CSE 8803 / ME 8883 - Materials Informatics Course - Fall 2016

20 Aug 2016

High-dimensional PES metamodel via DFT - Blog 1: Data acquisition (Group:WangTran) - Report 13Sep2016

CSE8803 / ME 8883 Materials Informatics

Fall 2016 Georgia Tech

Anh Tran and Zhiyu Wang

It has been a few weeks when we started this project. We have achieved a few milestones, and we would like to share what we have so far on our blog.

First, we have set up a mass simulation on PACE cluster (a high-performance computer at Gatech). By randomly sampling the input parameters, and retaining inputs/outputs, we now have collected almost 15,000 data points, for each inputs and their corresponding outputs. We have a data miner shell script *.sh that work relatively well to extract and concatenate numeric inputs and outputs.

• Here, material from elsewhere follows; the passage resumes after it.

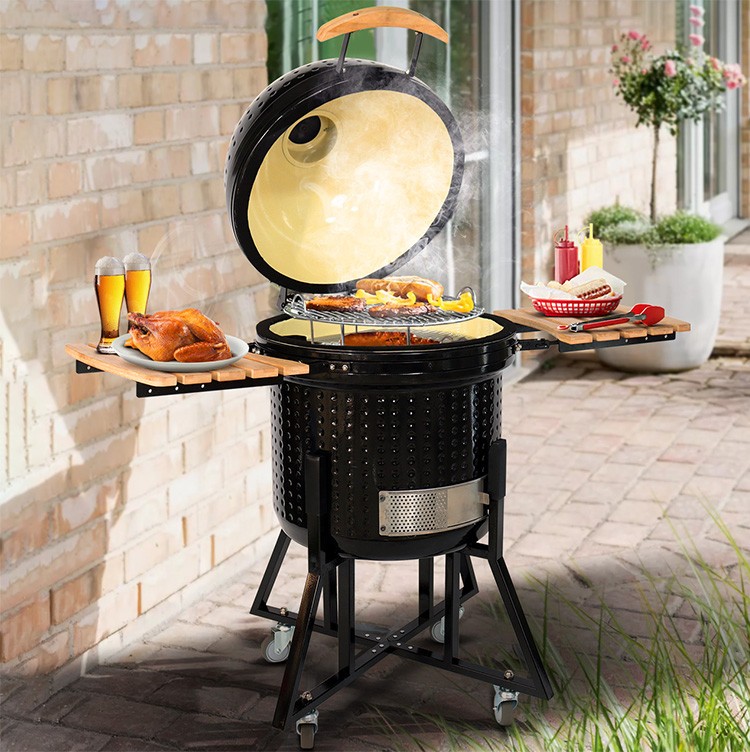 Barbekü Egg Kapaklı Tekerlekli  Siyah 134*74*121cm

In term of data structure, the group is attempting to incorporate and build a database with HDF5 for parallel I/O purpose. The HDF5 package has been downloaded and tested with simple codes in C++. With respect to the database of inputs/outputs in log.inputs.txt/log.output.txt, perhaps it is not too hard to do so.

In term of research, many helpful ideas have come, particularly with Andrew Medford’s suggestions. We are looking for a way to build very big data with neural network learning. The idea is very promising, but there are still challenges to come.